Obama's Feisty BET Interview Highlights Challenge He Faces in Rallying Black Voters

President Obama’s testy exchange with a BET anchor over whether he’s doing enough to help black Americans could be a case of bad timing.

Obama was coming off an enthusiastic appearance at the Congressional Black Caucus on Saturday in which he tried to turn complaints from black leaders into a call to arms. But on Monday, Obama tried to make the case in the BET interview that his $450 billion jobs bill disproportionately benefits minorities but still is aimed at "all of America" -- potentially setting up another "with us or against us" motif that has been the subtext of criticism from the black community.

In Monday's interview with BET that was taped on Friday, Obama bristled when he was asked to consider the plight of a young black on Chicago’s South Side who has no father and whose mother is working 10 hours a day.

“You won’t even say, ‘Look, I am going to help you,’” BET’s Emmett Miller said.

“Emmett, that is not what people are saying,” Obama shot back. “What people are saying all across the country is we are hurting and we’ve been hurting for a long time. And the question is how can we make sure the economy is working for every single person.”

Obama defended his policies as helping minorities even though he refuses to support programs that only target them.

“That’s not how America works. America works when all of us are pulling together and everybody is focused on making sure that every single person has opportunity,” he said. “And so when we put forward a program, like, for example, the health care bill, our focus is people who don’t have health care.

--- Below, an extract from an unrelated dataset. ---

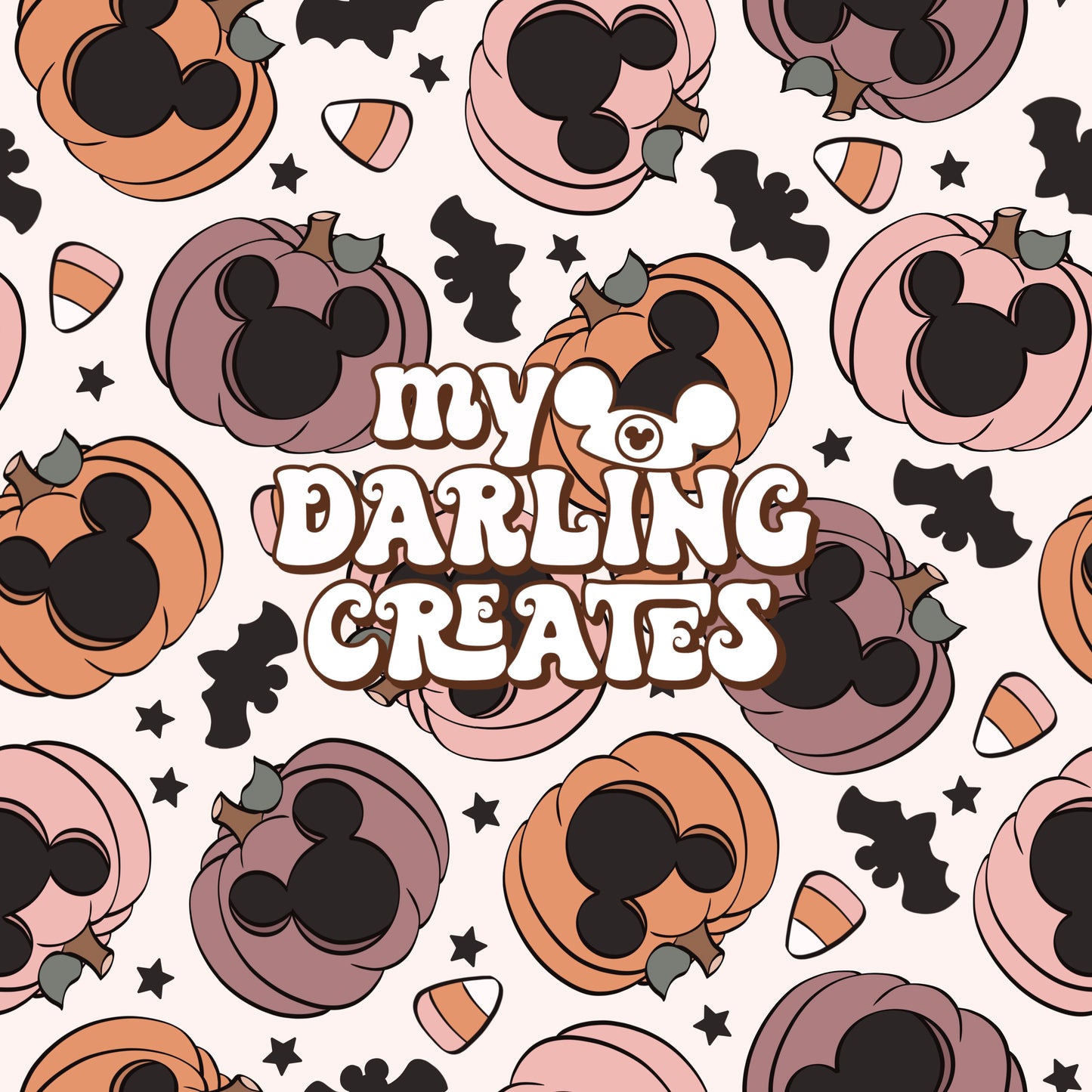 Purple Pumpkin Magic - Seamless File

Now it turns out that the majority of folks who don’t have health care are also working families, and disproportionately African American and Latino, but that doesn’t mean that it’s only for them.”

Obama has been reaching out to the black community as part of his broader effort to drum up support for his $450 billion package of payroll tax cuts, business tax breaks and infrastructure spending. Black leaders have stepped up their criticism of Obama in recent weeks for not doing enough to help the black community, which is grappling with an unemployment rate that is nearly double the national rate at 16.7 percent.

On Saturday, in a speech at the annual awards dinner of the Congressional Black Caucus, Obama told blacks to quit crying and complaining and “put on your marching shoes” to follow him into battle for jobs and opportunity.

“Take off your bedroom slippers. Put on your marching shoes,” he said, his voice rising as applause and cheers mounted. “Shake it off. Stop complainin’. Stop grumblin’. Stop cryin’. We are going to press on. We have work to do.”

But Rep. Maxine Waters, who asked black voters last month to “unleash” her and other members of the Congressional Black Caucus on Obama, said she found it “curious” that he demanded black leaders to stop complaining.

“I don’t know who he was talking to because we’re certainly not complaining,” she told CBS News on Sunday. “We’re working. We support him, and we’re protecting that base because we want people to be enthusiastic about him when that election rolls around.”

Andra Gillespie, a political scientist at Emory University who is the author of the upcoming book “The New Black Politician: Cory Booker, Newark and Post-Racial America," said that the disagreement between Obama and Waters reflects a longstanding debate in the black community over how to address their problems.

But she told FoxNews.com that while enthusiasm for Obama in the black community has “definitely been tempered by this economy, that doesn’t mean the numbers are going to change.”

She noted that Obama received 96 percent of the black vote in 2008 and that 90 percent of blacks have voted for Democrats since 1964. She said the percentage of black voters supporting Obama in 2012 may drop to the low 90s. “But you’re still not going to say that blacks are not the most overwhelming Democratic constituency in the United States. I would be more worried about the turnout numbers.”

A new Washington Post-ABC news poll shows that 58 percent of blacks held “strongly favorable” views of the president, down from 83 percent five months ago.

Randall Kennedy, a professor at Harvard Law School and author of “The Persistence of the Color Line: Racial Politics and the Obama Presidency,” says that Obama’s black critics are in the minority but still carry enough weight to possibly shape the outcome of the 2012 election.

“It is often the case that a vocal, motivated minority can exercise influence that far exceeds their numbers. Enthusiasm matter,” he wrote in an opinion article for CNN.com entitled “Why Obama’s Black Critics Are Wrong.”

“A drumbeat of complaint calling into question Obama’s attentiveness to blacks might well diminish the fervency of the support he will need for his re-election effort,” he wrote. “Furthermore, certain actions he might take to respond to the racial critique might well alienate other, nonblack, potential supporters.”

He added that Obama will be ensnared by the race line no matter what he does, but it won’t necessarily defeat him.

“Still, the sobering reality is that race remains an important, persistent force in American life despite the presence of a black family in the White House.